§ TASK INPUT:
* * *

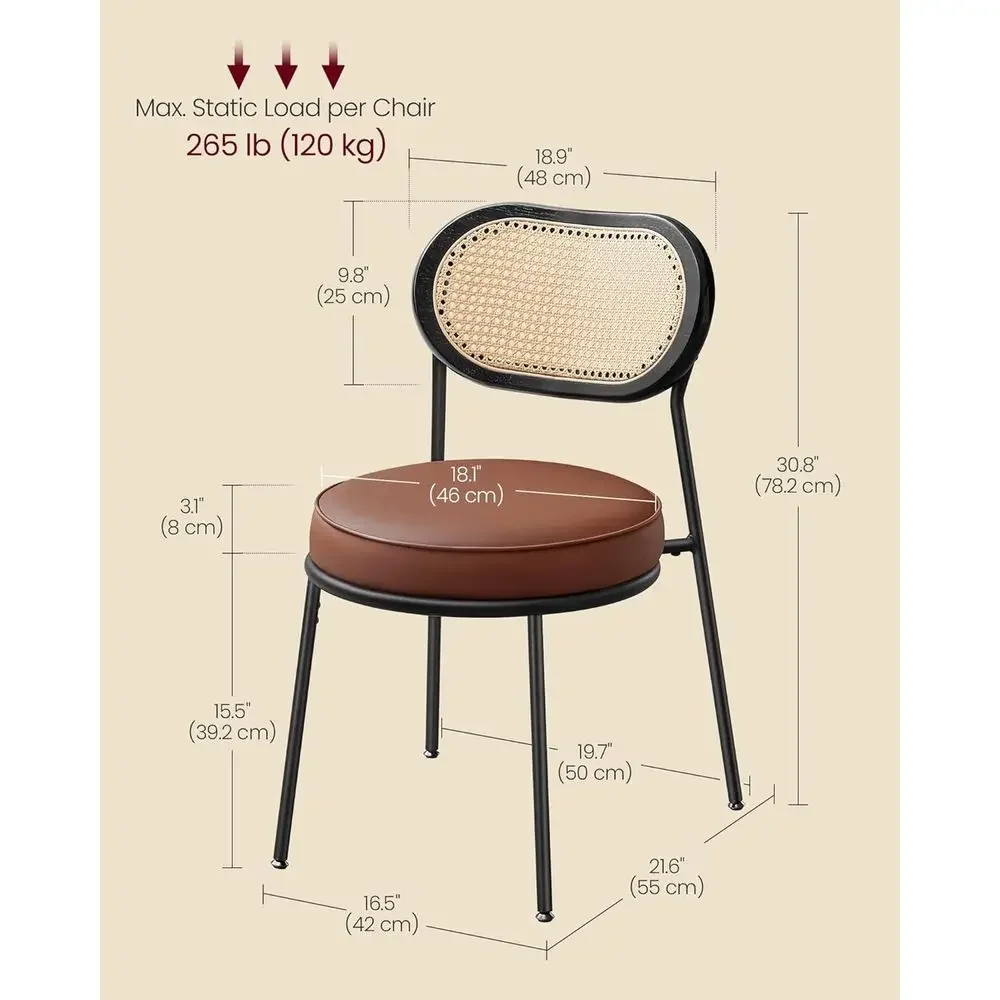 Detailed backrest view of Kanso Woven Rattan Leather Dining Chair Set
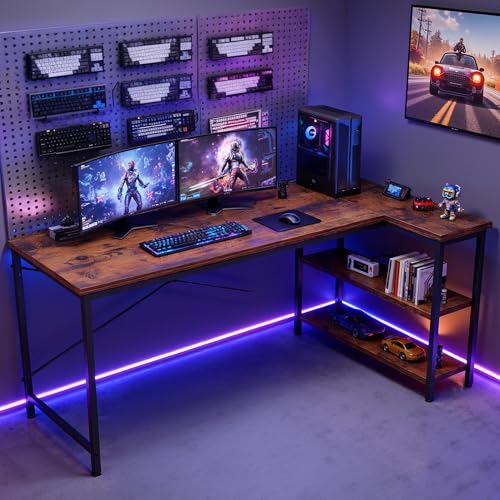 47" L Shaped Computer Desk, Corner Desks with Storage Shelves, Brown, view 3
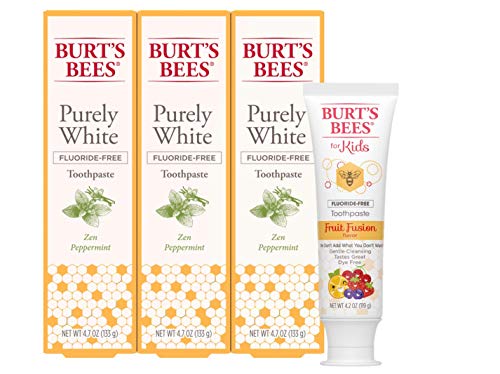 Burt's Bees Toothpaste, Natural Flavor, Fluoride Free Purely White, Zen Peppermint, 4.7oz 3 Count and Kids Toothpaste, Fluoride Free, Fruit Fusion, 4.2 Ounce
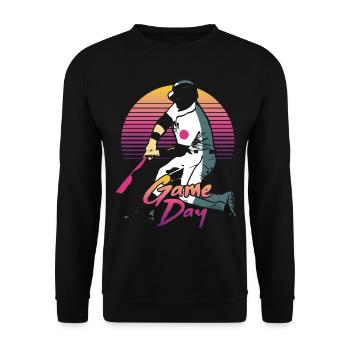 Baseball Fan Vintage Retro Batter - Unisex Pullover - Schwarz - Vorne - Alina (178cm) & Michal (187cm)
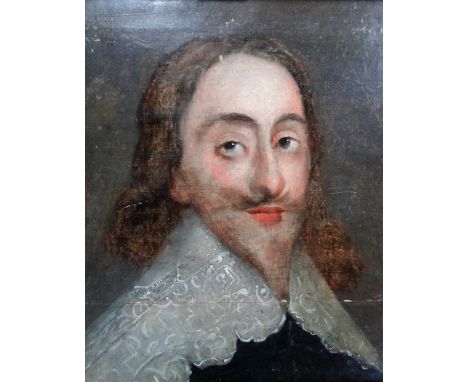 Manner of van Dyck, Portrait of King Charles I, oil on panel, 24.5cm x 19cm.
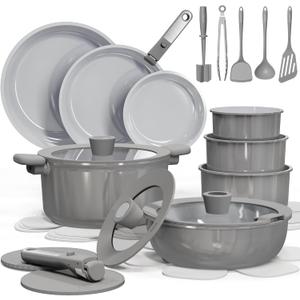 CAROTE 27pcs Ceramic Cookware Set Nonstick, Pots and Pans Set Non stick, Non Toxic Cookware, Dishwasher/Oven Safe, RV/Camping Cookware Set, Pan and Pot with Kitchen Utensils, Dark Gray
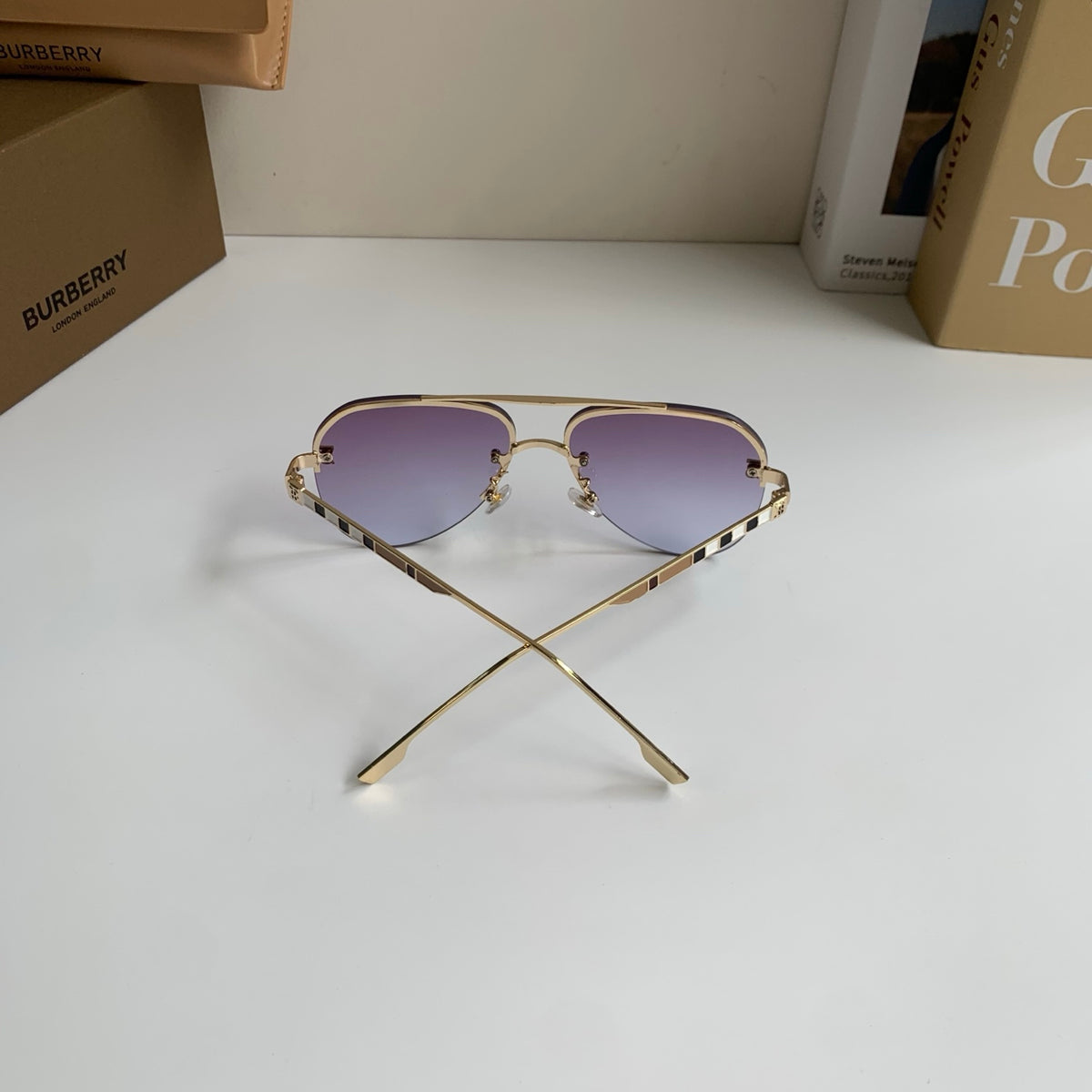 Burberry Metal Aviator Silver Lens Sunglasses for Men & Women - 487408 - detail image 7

* * *

Only the lines between the one with "Burt's Bees Toothpaste, Natural" and the one with "Baseball Fan Vintage", those two included, get copied from the material above. Keep it exact and free of pictures.

 Burt's Bees Toothpaste, Natural Flavor, Fluoride Free Purely White, Zen Peppermint, 4.7oz 3 Count and Kids Toothpaste, Fluoride Free, Fruit Fusion, 4.2 Ounce
 Baseball Fan Vintage Retro Batter - Unisex Pullover - Schwarz - Vorne - Alina (178cm) & Michal (187cm)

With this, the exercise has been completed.